Getting ORDER BY right is the single most impactful decision when designing a ClickHouse table. Wrong sort order means full scans and poor compression. Right sort order means your queries touch 1% of the data.

The tradeoff: updates and deletes

Columnar storage optimizes for reads at the cost of mutations. Updating a single field in a row store means rewriting one block. In a column store, that same update touches every column file for that row — and in ClickHouse, ALTER TABLE UPDATE isn’t an in-place operation. It rewrites entire parts in the background, which can take minutes on large tables and spike I/O.

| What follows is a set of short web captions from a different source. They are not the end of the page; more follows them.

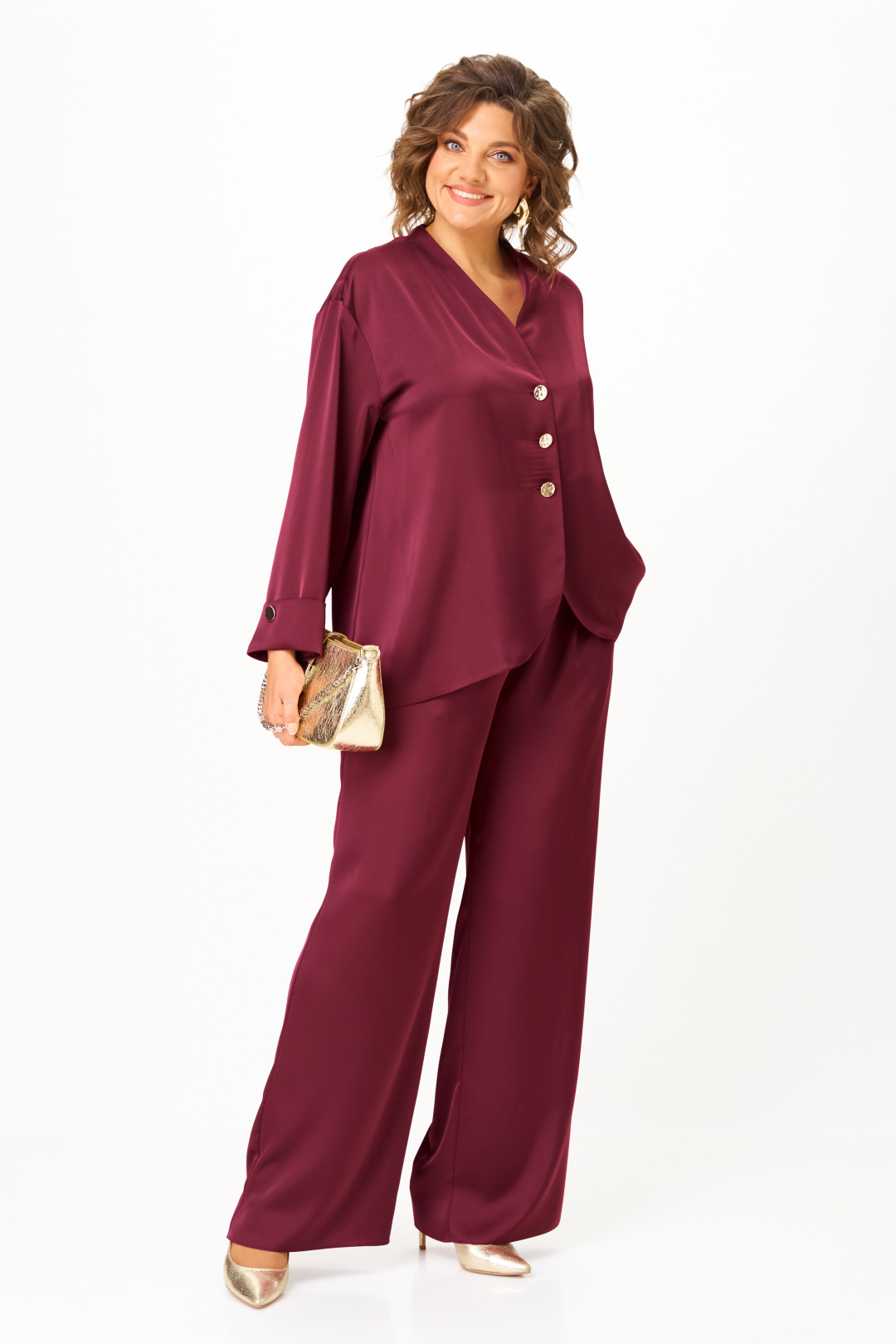 Костюм AiraStyle 24245 винный - фото 6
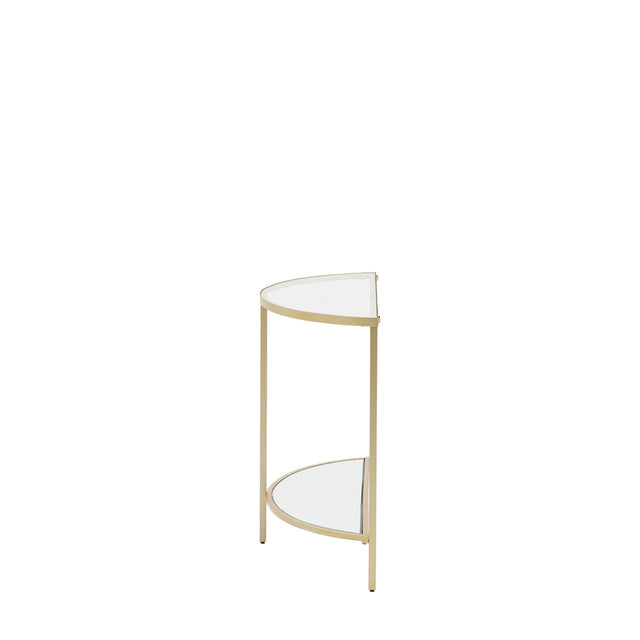 Enya Glass Console Table in Champagne Gold (6)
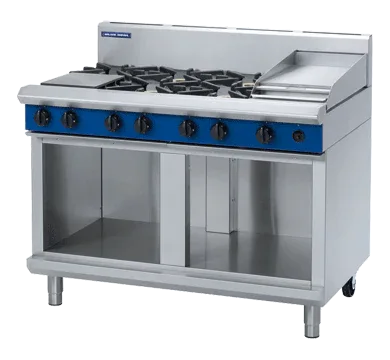 Blue Seal Evolution Series G518C-CB - 1200mm Gas Cooktop Cabinet Base + 300mm Griddle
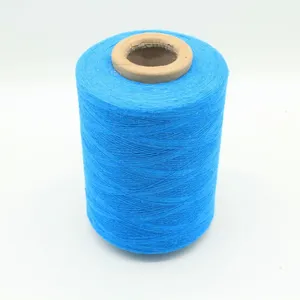 Supply Blue Color 50% Cotton 50% Polyester Ne24s/1 Colored Yarn Recycled Cotton Open-end Spinning Yarn for Denimrn thumbnail-2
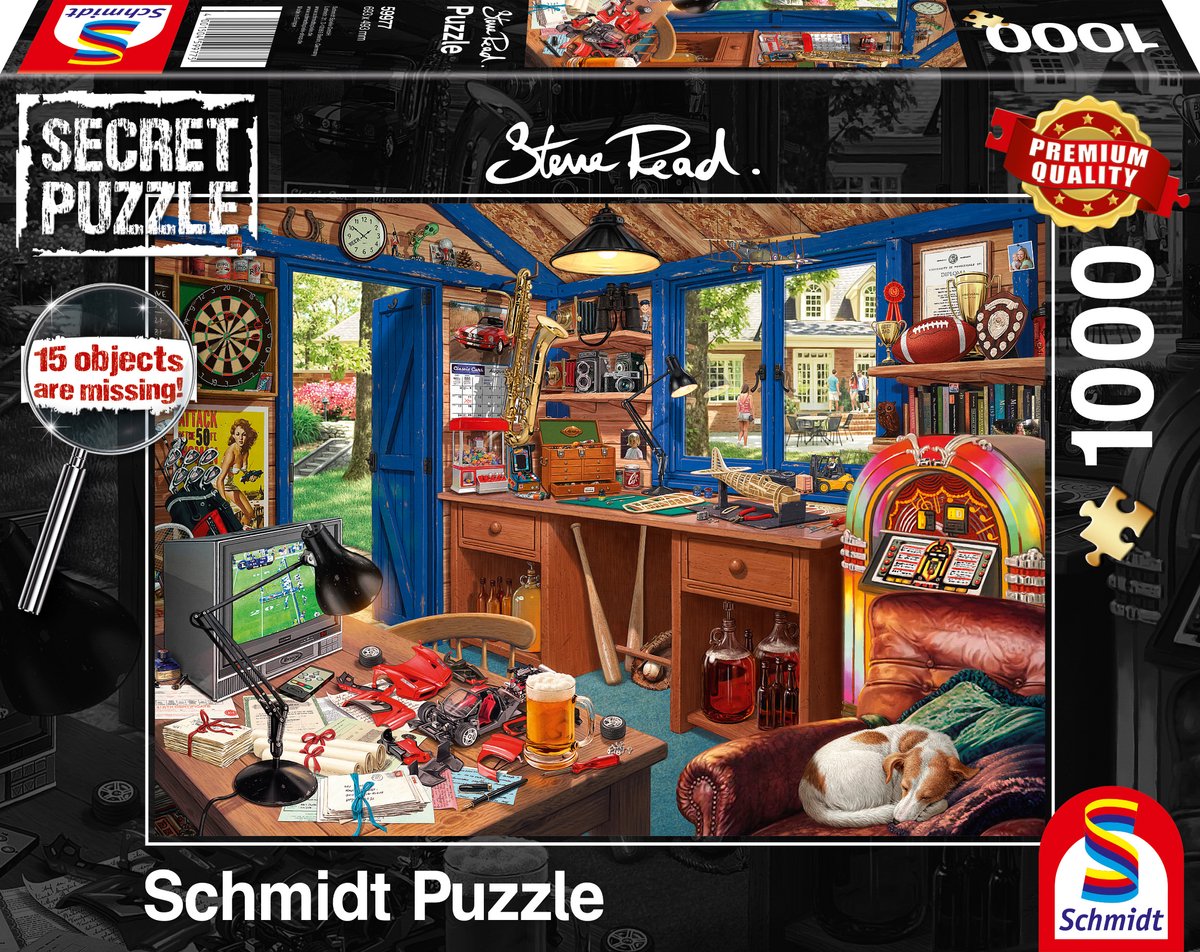 Schmidt Puzzle The Workshop - Puzzle da 1000 pezzi per adulti.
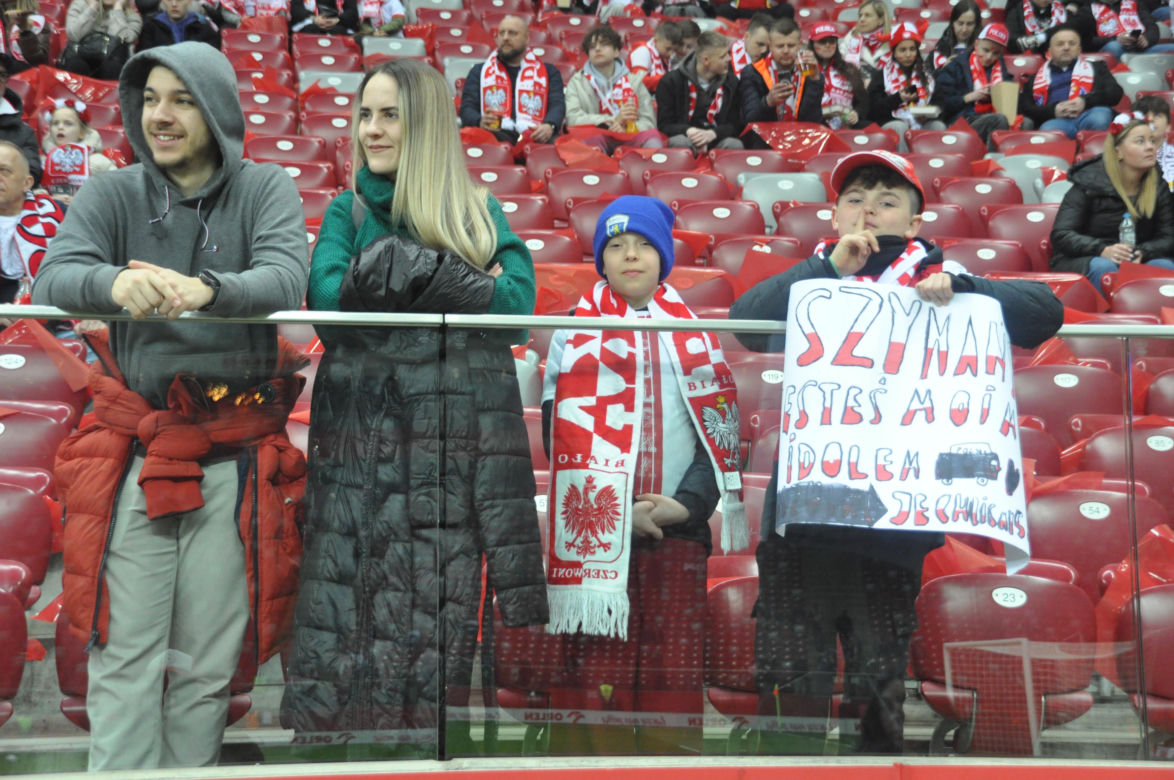 Polska - Litwa na PGE Narodowym. Zdjęcia kibiców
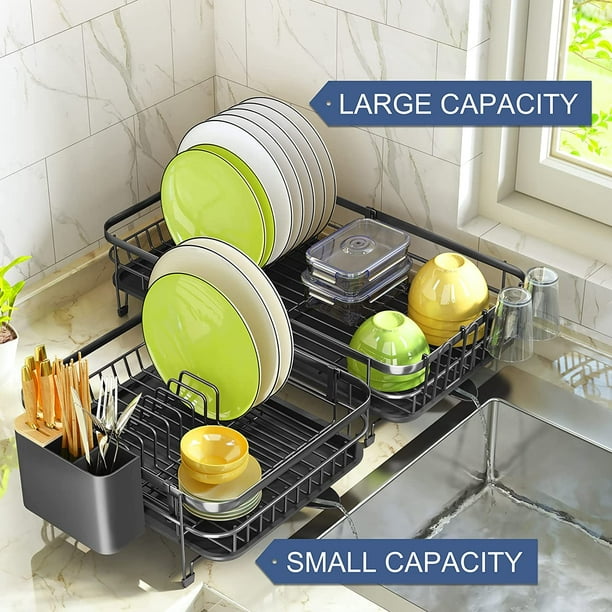 PXRAcK Dish Drying Rack, Expandable(128-215) Dish Rack with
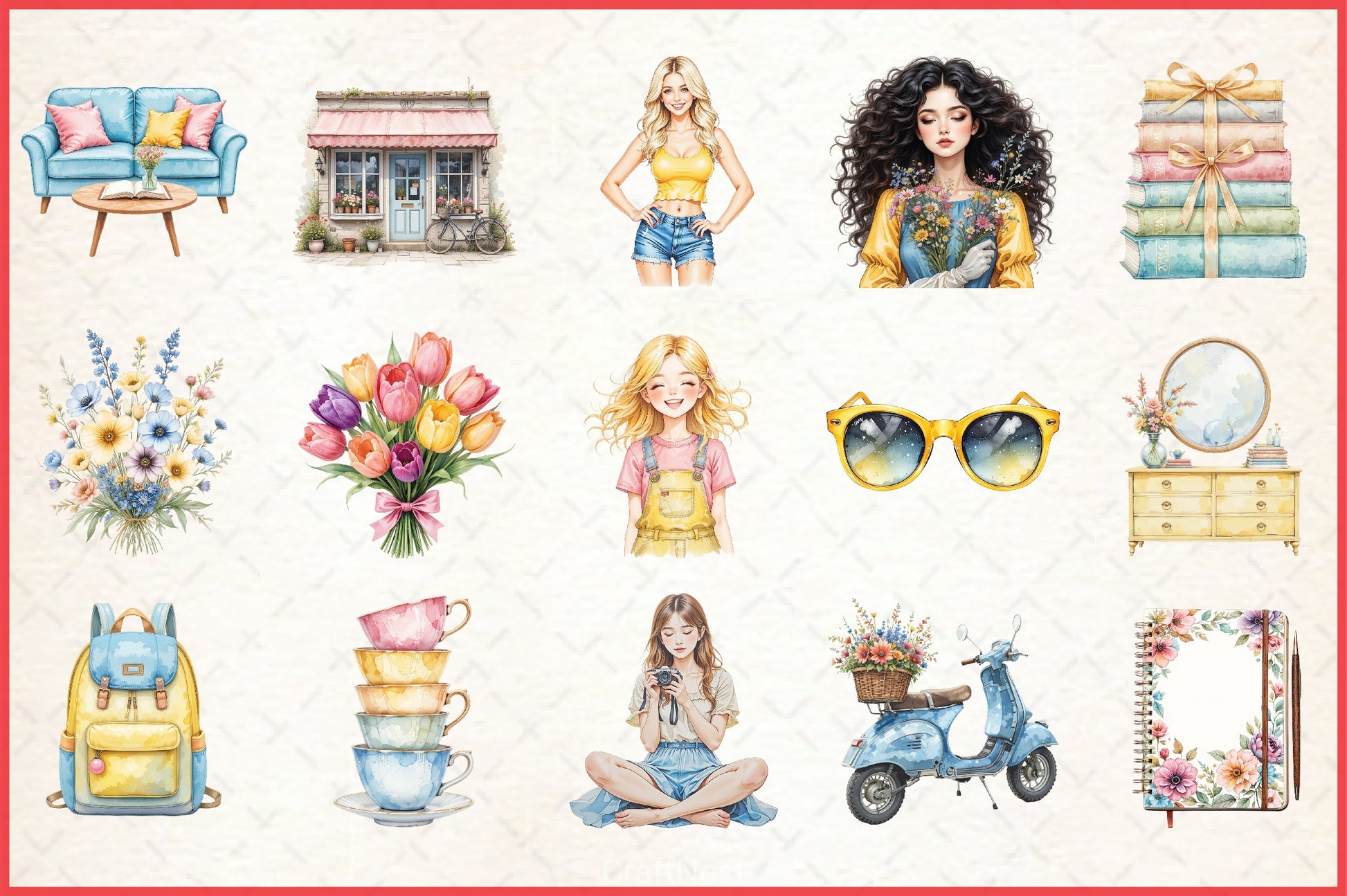 Spring & Summer Clipart Bundle - CraftNest - Digital Crafting and Art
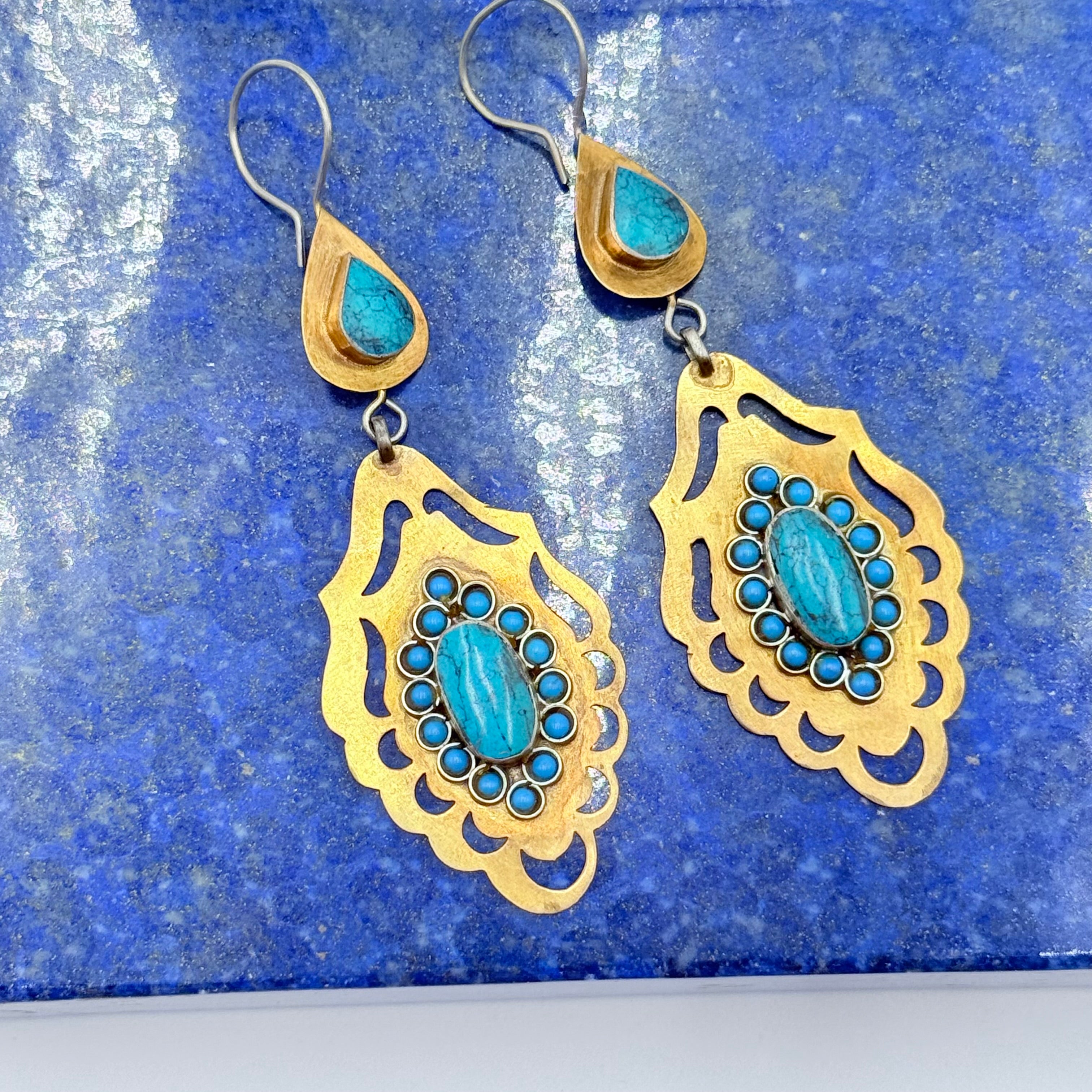 Afghan Vintage Handcrafted Earrings Set
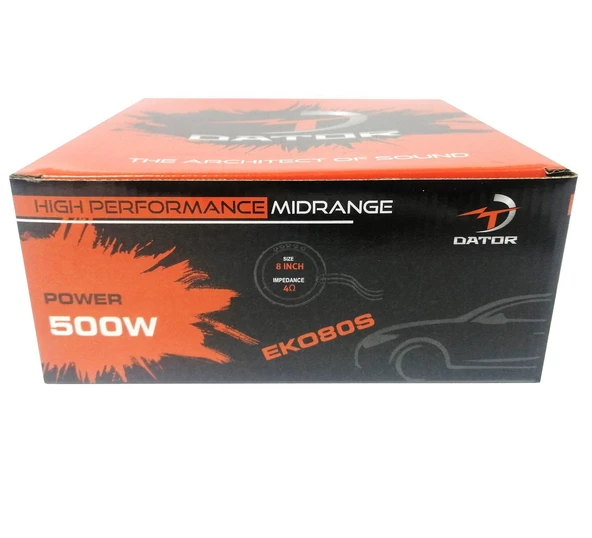 Dator EKO80S Profesyonel 2 Adet 20 Cm Midrange 500W Maksimum 125W RMS - 2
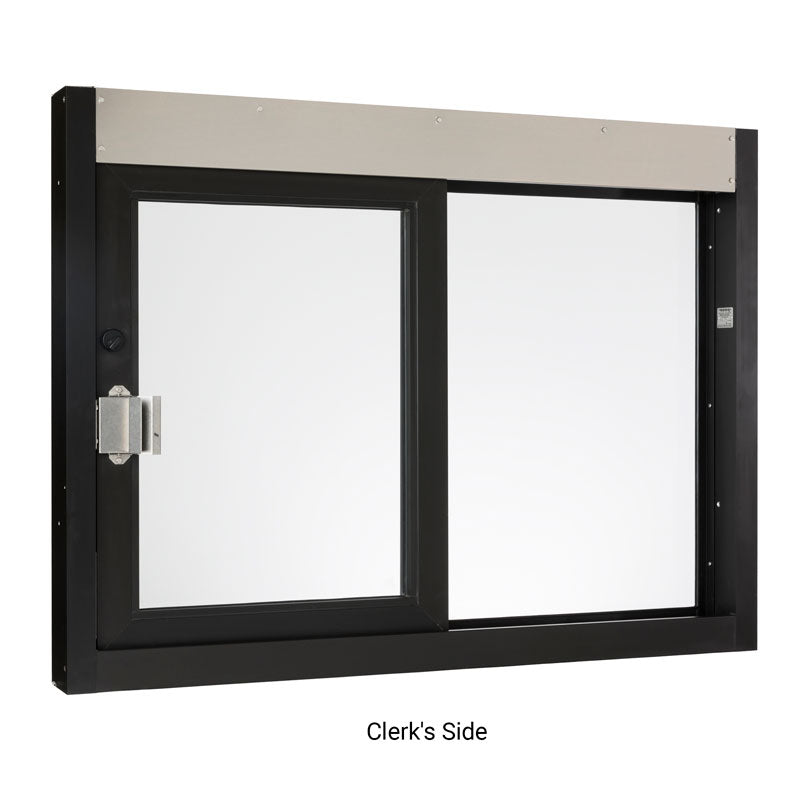 QuikServ Self-Closing Windows - 0X Or X0 - 1/4" Or 1" Clear Tempered Glass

Deletes work the same way. ClickHouse marks rows as deleted and physically removes them during the next merge. Until then, every query still filters out the dead rows at read time.

This is why ClickHouse isn’t a good fit for workloads that need frequent row-level mutations — user profiles, shopping carts, anything transactional. It’s built for append-heavy, read-heavy patterns: logs, events, telemetry, analytics. If you find yourself writing ALTER TABLE UPDATE regularly, you’re fighting the storage engine.

When to use which

Row-based wins when:

Column-based wins when:

This is why the database world is split: PostgreSQL/MySQL for transactional workloads, ClickHouse/BigQuery for analytical workloads. Not because one is better — because they solve fundamentally different problems.